Eagle Face Oatmeal Stout 1.1

In my second brew for the AHA club night, I’m revisiting my Eagle Face Oatmeal Stout. The beer recipe is pretty much unchanged, with just a touch more flaked oats to round out the body a bit.

Eagle Face Oatmeal Stout

  • 8.5 lbs. 2 row malt (Great Western)
  • 1.25 lbs. flaked oats
  • 1 lb. 80° L crystal malt
  • 1 lb. Victory malt
  • 0.75 lb. chocolate malt
  • 0.5 lb. roasted barley
  • 0.5 lb. rice hulls
  • 1 tsp. Irish moss
  • 1.5 oz. Northern Brewer hops pellets (7.8% alpha, 4.5% beta)
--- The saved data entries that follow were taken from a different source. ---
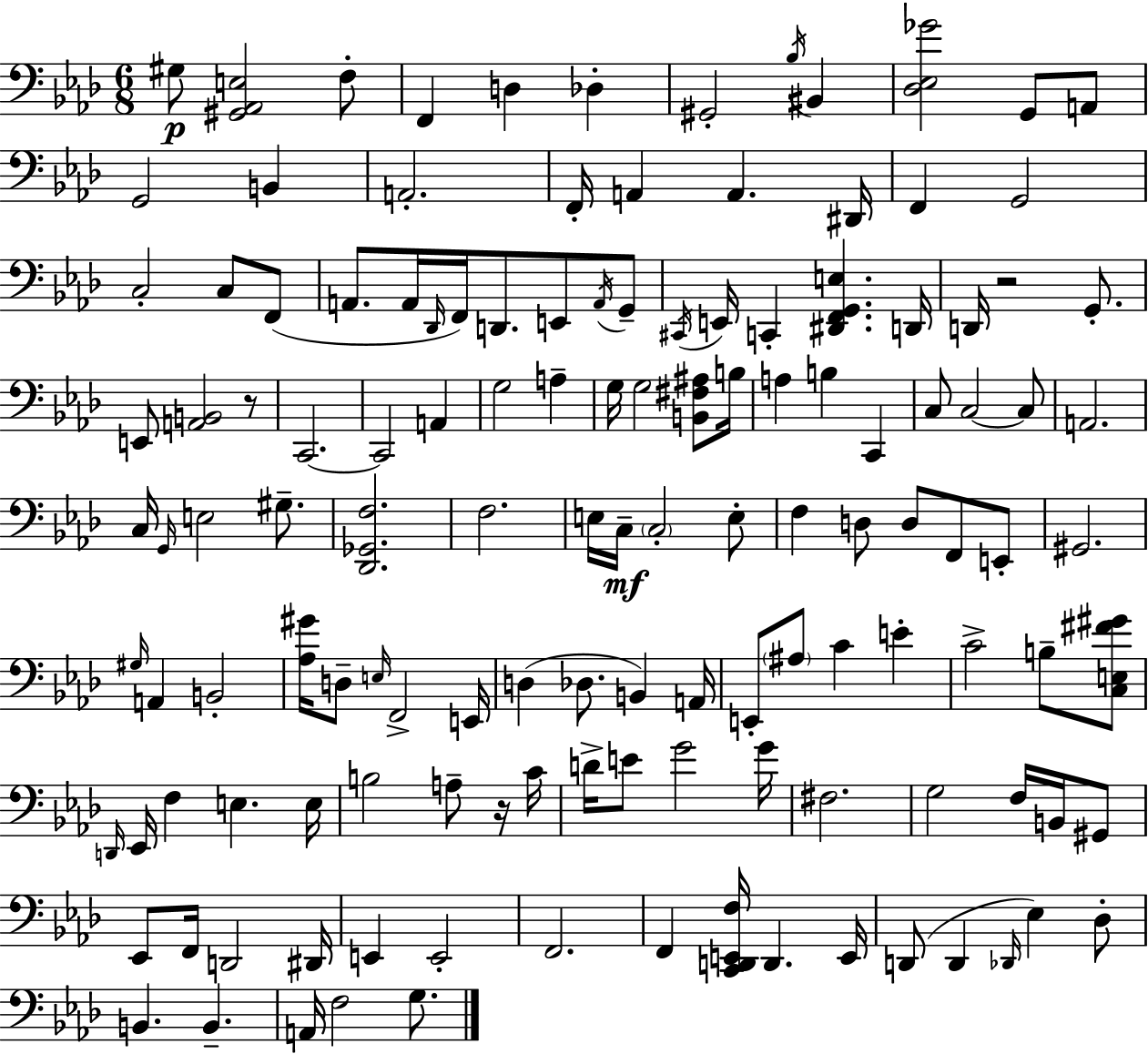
X:1
T:Untitled
M:6/8
L:1/4
K:Ab
^G,/2 [^G,,_A,,E,]2 F,/2 F,, D, _D, ^G,,2 _B,/4 ^B,, [_D,_E,_G]2 G,,/2 A,,/2 G,,2 B,, A,,2 F,,/4 A,, A,, ^D,,/4 F,, G,,2 C,2 C,/2 F,,/2 A,,/2 A,,/4 _D,,/4 F,,/4 D,,/2 E,,/2 A,,/4 G,,/2 ^C,,/4 E,,/4 C,, [^D,,F,,G,,E,] D,,/4 D,,/4 z2 G,,/2 E,,/2 [A,,B,,]2 z/2 C,,2 C,,2 A,, G,2 A, G,/4 G,2 [B,,^F,^A,]/2 B,/4 A, B, C,, C,/2 C,2 C,/2 A,,2 C,/4 G,,/4 E,2 ^G,/2 [_D,,_G,,F,]2 F,2 E,/4 C,/4 C,2 E,/2 F, D,/2 D,/2 F,,/2 E,,/2 ^G,,2 ^G,/4 A,, B,,2 [_A,^G]/4 D,/2 E,/4 F,,2 E,,/4 D, _D,/2 B,, A,,/4 E,,/2 ^A,/2 C E C2 B,/2 [C,E,^F^G]/2 D,,/4 _E,,/4 F, E, E,/4 B,2 A,/2 z/4 C/4 D/4 E/2 G2 G/4 ^F,2 G,2 F,/4 B,,/4 ^G,,/2 _E,,/2 F,,/4 D,,2 ^D,,/4 E,, E,,2 F,,2 F,, [C,,D,,E,,F,]/4 D,, E,,/4 D,,/2 D,, _D,,/4 _E, _D,/2 B,, B,, A,,/4 F,2 G,/2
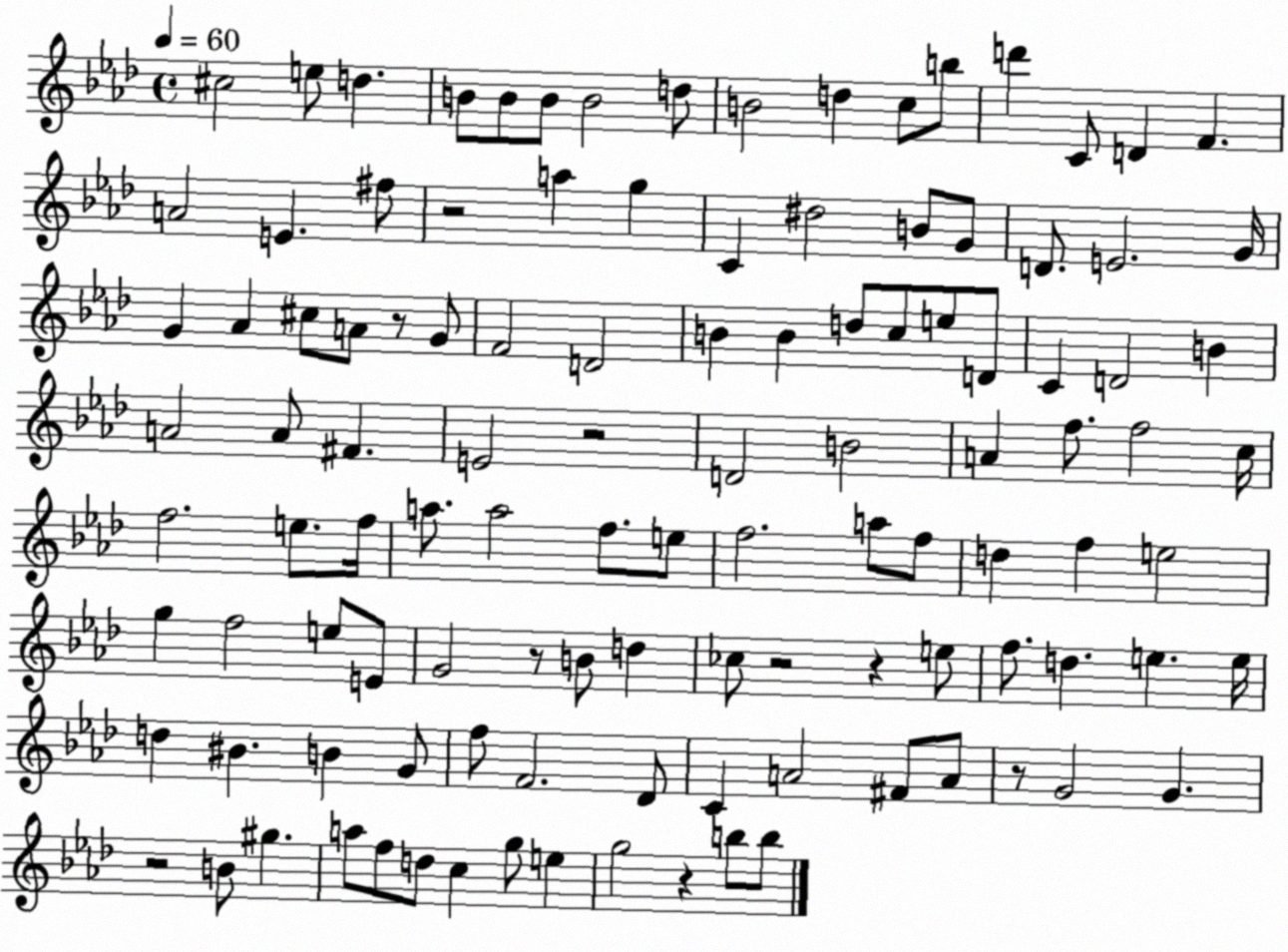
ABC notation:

X:1
T:Untitled
M:4/4
L:1/4
K:Ab
^c2 e/2 d B/2 B/2 B/2 B2 d/2 B2 d c/2 b/2 d' C/2 D F A2 E ^f/2 z2 a g C ^d2 B/2 G/2 D/2 E2 G/4 G _A ^c/2 A/2 z/2 G/2 F2 D2 B B d/2 c/2 e/2 D/2 C D2 B A2 A/2 ^F E2 z2 D2 B2 A f/2 f2 c/4 f2 e/2 f/4 a/2 a2 f/2 e/2 f2 a/2 f/2 d f e2 g f2 e/2 E/2 G2 z/2 B/2 d _c/2 z2 z e/2 f/2 d e e/4 d ^B B G/2 f/2 F2 _D/2 C A2 ^F/2 A/2 z/2 G2 G z2 B/2 ^g a/2 f/2 d/2 c g/2 e g2 z b/2 b/2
  • 1 pkg. English Ale yeast (White Labs WLP002, 1L starter)
Procedure
  • 24 hours before brewing, I began a 1L starter (4 oz. of extra light DME in 1L water), and ran this on the stir plate. True to the yeast strain (WLP002), the culture was a snowstorm of flocculated yeast by the end.
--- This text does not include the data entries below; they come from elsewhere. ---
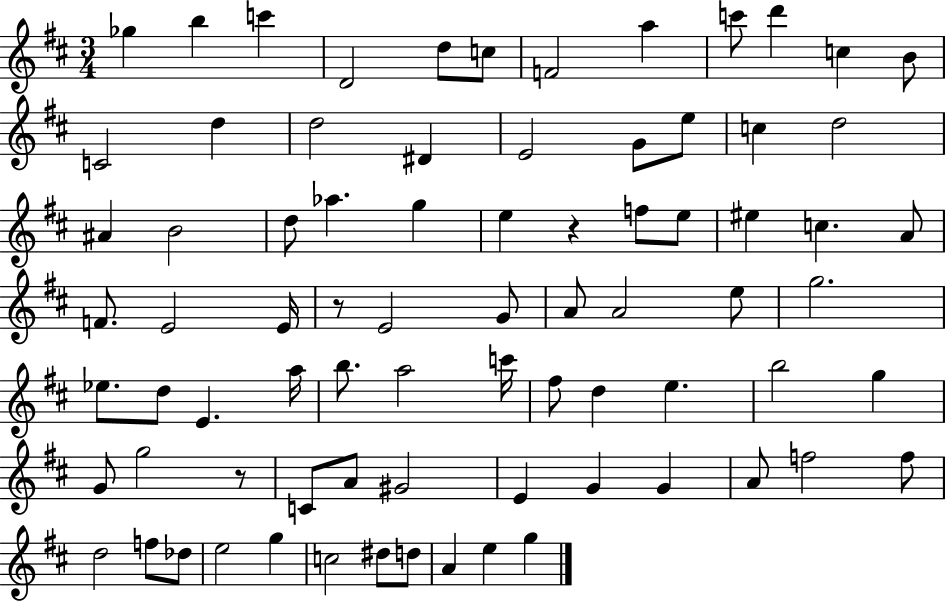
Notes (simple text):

Gb5/q B5/q C6/q D4/h D5/e C5/e F4/h A5/q C6/e D6/q C5/q B4/e C4/h D5/q D5/h D#4/q E4/h G4/e E5/e C5/q D5/h A#4/q B4/h D5/e Ab5/q. G5/q E5/q R/q F5/e E5/e EIS5/q C5/q. A4/e F4/e. E4/h E4/s R/e E4/h G4/e A4/e A4/h E5/e G5/h. Eb5/e. D5/e E4/q. A5/s B5/e. A5/h C6/s F#5/e D5/q E5/q. B5/h G5/q G4/e G5/h R/e C4/e A4/e G#4/h E4/q G4/q G4/q A4/e F5/h F5/e D5/h F5/e Db5/e E5/h G5/q C5/h D#5/e D5/e A4/q E5/q G5/q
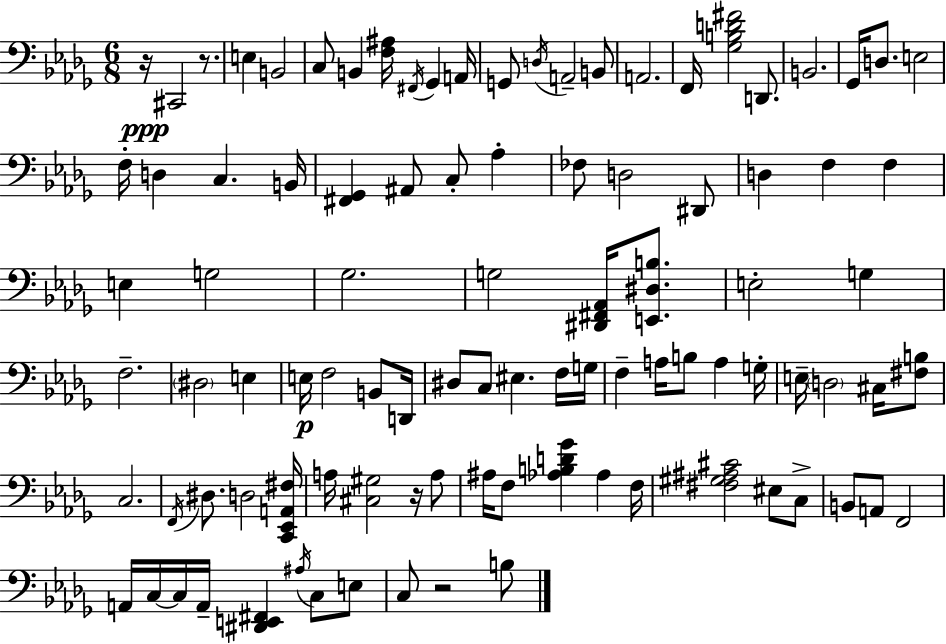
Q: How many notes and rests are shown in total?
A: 97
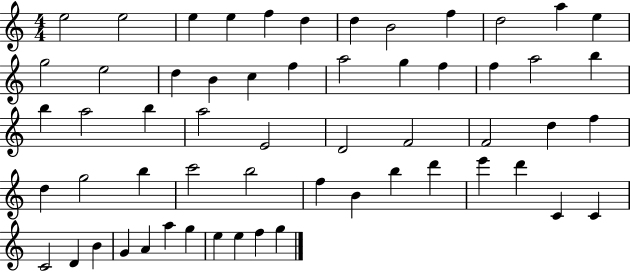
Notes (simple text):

E5/h E5/h E5/q E5/q F5/q D5/q D5/q B4/h F5/q D5/h A5/q E5/q G5/h E5/h D5/q B4/q C5/q F5/q A5/h G5/q F5/q F5/q A5/h B5/q B5/q A5/h B5/q A5/h E4/h D4/h F4/h F4/h D5/q F5/q D5/q G5/h B5/q C6/h B5/h F5/q B4/q B5/q D6/q E6/q D6/q C4/q C4/q C4/h D4/q B4/q G4/q A4/q A5/q G5/q E5/q E5/q F5/q G5/q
  • I mashed in with 4.25 gallons of water at 169°, and hit 155-156° for my mash-in temperature. The mash had dropped to 155.4° after 10 minutes and was down to 152.4° after 50 minutes.
  • After 60 minutes, I added 0.5 gallons of 170° water, let this sit for 10 minutes, vorlaufed, and collected 3 gallons of wort at ~1.070 gravity. Then, I added 3.25 gallons of water at 180°, which raised the mash bed to 168°. I let this sit for 10 minutes, vorlaufed, and collected the remainder of the wort.
  • All together, I collected 7.6 gallons of wort with a gravity of 1.049. This works out to a mash efficiency of 81%! I suspect I collected only 3 gallons on the first round due to slow draining of the mash tun; the rice hulls were definitely a good addition to this recipe!
  • I brought the wort to a high, rolling boil. After 5 minutes, I added the hops.
  • After 50 minutes, I added the Irish moss.
  • After 60 minutes, the wort gravity was reading ~1.054 on my refractometer, a little bit lower than I wanted. So, I removed the hops (to avoid over-bittering), and boiled for another 15 minutes. This may have overboiled the Irish moss a bit, but I figured that was a small price to pay for hitting my target gravity.
  • After flame-out, I chilled the wort down to 70° using my wort chiller. In the end, I had 6.25 gallons of wort, ~5.75 gallons of which went into the fermenter. Final gravity was 1.061 at 60°. This was nearly exactly at my target of 1.062.
  • I put this in the fermentation chamber, which was set at 66°.